§ Assignment
Down to the final line, write out the material beneath exactly, without pictures.

§ Data block
::::::::::

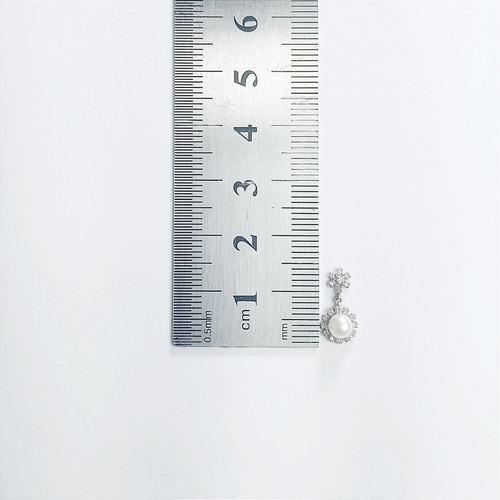 Imagem 3 de 3 de Brinco 19 Brilhant E 1 Perola Pendent Em Ouro Branco 18k/750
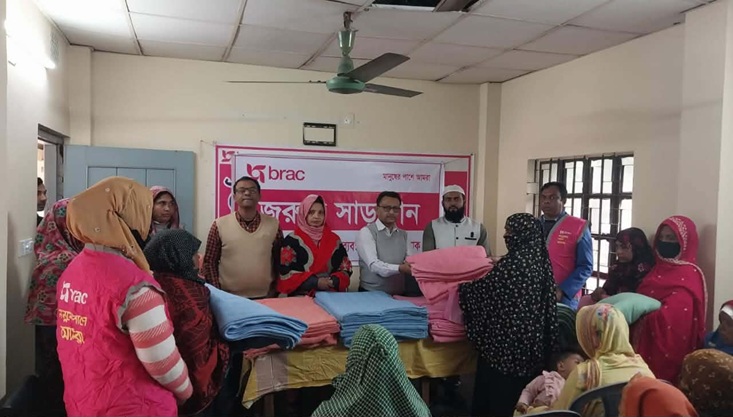 খোকসায় ব্র্যাকের উদ্যোগে শীতবস্ত্র বিতরণ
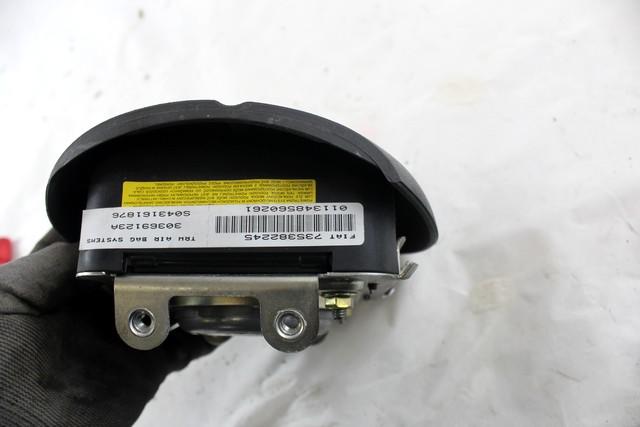 AIRBAG VOLAN OEM N. 735382245 ORIGINAL REZERVNI DEL FIAT SEICENTO 600 187 MK2 (1998 - 04/2005)BENZINA LETNIK 2005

::::::::::

§ Result for this task
 Imagem 3 de 3 de Brinco 19 Brilhant E 1 Perola Pendent Em Ouro Branco 18k/750
 খোকসায় ব্র্যাকের উদ্যোগে শীতবস্ত্র বিতরণ
 AIRBAG VOLAN OEM N. 735382245 ORIGINAL REZERVNI DEL FIAT SEICENTO 600 187 MK2 (1998 - 04/2005)BENZINA LETNIK 2005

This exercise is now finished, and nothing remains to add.